Unabhängiger Verwaltungssenat
des Landes Oberösterreich
FAQs| Sitemap| Weblinks

VwSen-400370/4/Gf/Km

Linz, 18.08.1995

VwSen-400370/4/Gf/Km Linz, am 18. August 1995 DVR.0690392

E r k e n n t n i s

Der unabhängige Verwaltungssenat des Landes Oberösterreich hat durch sein Mitglied Dr. Grof über die Beschwerde des M.

A., vertreten durch die RAe Dr. H. F., Dr. F. F. und Dr. W.

F., ..........., ............, wegen Anhaltung in Schubhaft durch die Bundespolizeidirektion ..... zu Recht erkannt:

I. Der Beschwerde wird insofern stattgegeben, als die Rechtswidrigkeit der Anhaltung des Beschwerdeführers in Schubhaft bis dato festgestellt wird; im übrigen wird diese hingegen abgewiesen und gleichzeitig festgestellt, daß die weitere Anhaltung des Beschwerdeführers in Schubhaft zur Sicherung der Ausweisung zulässig ist.

II. Der Bund (Bundespolizeidirektion .....) hat dem Beschwerdeführer Kosten in Höhe von 8.513,33 S binnen 14 Tagen bei sonstiger Exekution zu ersetzen.

Rechtsgrundlage:

§ 52 Abs. 4 FrG; § 66 Abs. 4 AVG; § 67c Abs. 3 AVG.

Entscheidungsgründe:

1. Der Beschwerdeführer hat am 14. August 1995 eine auf § 51 des Fremdengesetzes, BGBl.Nr. 838/1992 (im folgenden: FrG), gestützte Beschwerde erhoben.
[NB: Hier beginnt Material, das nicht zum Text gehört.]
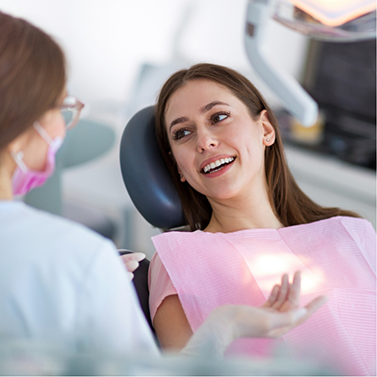 Woman leaning back in dental chair and smiling at her dentist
Am selben Tag wurde die belangte Behörde ersucht, die bezughabenden Verwaltungsakten vorzulegen und mitzuteilen, ob sich der Beschwerdeführer noch in Schubhaft befindet.

Im Hinblick auf die durch § 52 Abs. 2 Z. 2 FrG vorgegebene Entscheidungsfrist ist jedoch weder eine Aktenvorlage noch eine entsprechende Mitteilung rechtzeitig, d.h. vor der spätestens am heutigen Tage abzufertigenden Entscheidung, erfolgt, weshalb in sachverhaltsmäßiger Hinsicht von der Richtigkeit des Vorbringens des Beschwerdeführers auszugehen war.

2. Danach liegt der gegenständlichen Beschwerde folgender entscheidungswesentlicher Sachverhalt zugrunde:

2.1. Der Beschwerdeführer, ein jugoslawischer Staatsangehöriger, hat am 4. Mai 1995 von Ungarn aus kommend das Bundesgebiet illegal betreten.

2.2. Noch am selben Tag wurde er von Organen der Bundespolizeidirektion Wels festgenommen, über ihn mit Bescheid vom 5. Mai 1995, Zl. IV-Fr-30213, die Schubhaft verhängt und diese durch Überstellung in das Polizeigefangenenhaus .....

vollzogen.

2.3. Mit Bescheid des Bundesasylamtes vom 18. Mai 1995 wurde ein Asylantrag des Beschwerdeführers abgewiesen.

2.4. Am 29. Mai 1995 hat die Bundespolizeidirektion .....

erstmals beim jugoslawischen Generalkonsulat in ........ um die Ausstellung eines Heimreisezertifikates für den Beschwerdeführer angesucht.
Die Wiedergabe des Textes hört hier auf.